# How to save lumber that got wet??



## LJR (Apr 23, 2009)

Help! I bought some quarter sawn red oak for a project today and brought it home in the back of my truck bed. It started to rain and it got wet. How do I properly dry it to avoid any warping?? My workshop has a heated floor and the temp there is around 68 degrees. Do I just lay them out on some support boards to dry? How about wraping in newspaper - will that draw the moisture out? Thanks in advance for your advice!!
LJR


----------



## reggiek (Jun 12, 2009)

It depends on how much moisture the boards were exposed to….if it is just surface moisture…then a quick dry would work just fine - I have used a hair blow dryer…or a heater…blowing on the boards lying on a flat surface….if the moisture was enough to infuse the grain….you would want to air dry on a flat surface with a flat weight on top for a few days or so….to keep the boards from cupping/warping. If you know someone with a kiln that would be the best for really soaked wood.
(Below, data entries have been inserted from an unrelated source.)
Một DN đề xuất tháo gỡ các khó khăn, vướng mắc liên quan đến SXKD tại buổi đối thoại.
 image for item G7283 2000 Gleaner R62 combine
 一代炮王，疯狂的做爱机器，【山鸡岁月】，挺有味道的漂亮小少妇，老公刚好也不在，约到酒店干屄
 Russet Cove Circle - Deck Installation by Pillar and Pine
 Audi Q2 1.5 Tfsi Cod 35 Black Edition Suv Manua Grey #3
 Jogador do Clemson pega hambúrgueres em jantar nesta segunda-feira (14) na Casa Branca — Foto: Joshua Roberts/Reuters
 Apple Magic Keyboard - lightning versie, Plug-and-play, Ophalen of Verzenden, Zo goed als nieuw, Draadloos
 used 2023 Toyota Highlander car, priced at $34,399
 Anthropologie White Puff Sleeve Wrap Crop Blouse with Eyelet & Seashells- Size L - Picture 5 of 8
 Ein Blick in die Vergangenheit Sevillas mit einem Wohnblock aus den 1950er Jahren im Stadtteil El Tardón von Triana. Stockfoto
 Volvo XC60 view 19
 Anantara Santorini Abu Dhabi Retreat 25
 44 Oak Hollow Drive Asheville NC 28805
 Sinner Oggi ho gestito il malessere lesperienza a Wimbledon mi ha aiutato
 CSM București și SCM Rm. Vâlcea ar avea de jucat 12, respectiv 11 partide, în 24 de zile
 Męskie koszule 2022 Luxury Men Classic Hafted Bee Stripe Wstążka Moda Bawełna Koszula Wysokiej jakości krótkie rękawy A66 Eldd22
If the wood cups/warps…a jointer and or planner would be the way to go.


----------



## bob101 (Dec 14, 2008)

My stock gets wet during transport all the time if its not soaked threw the grain and you have time to wait ,a couple days of air drying should be good, especially in a dry heated shop. as above if it moves start up the jointer and make some lite passes to true it up.


----------



## Timbo (Aug 21, 2008)

If the wood is wet from the ride home, just bring it in the shop, it will dry fine. You can always cut up some scrap for spacers (3/4×3/4) and stack it. put the spacers about a foot apart and add some weight to the to of the stack.


----------



## a1Jim (Aug 9, 2008)

just stack it so it drys equally on each side


----------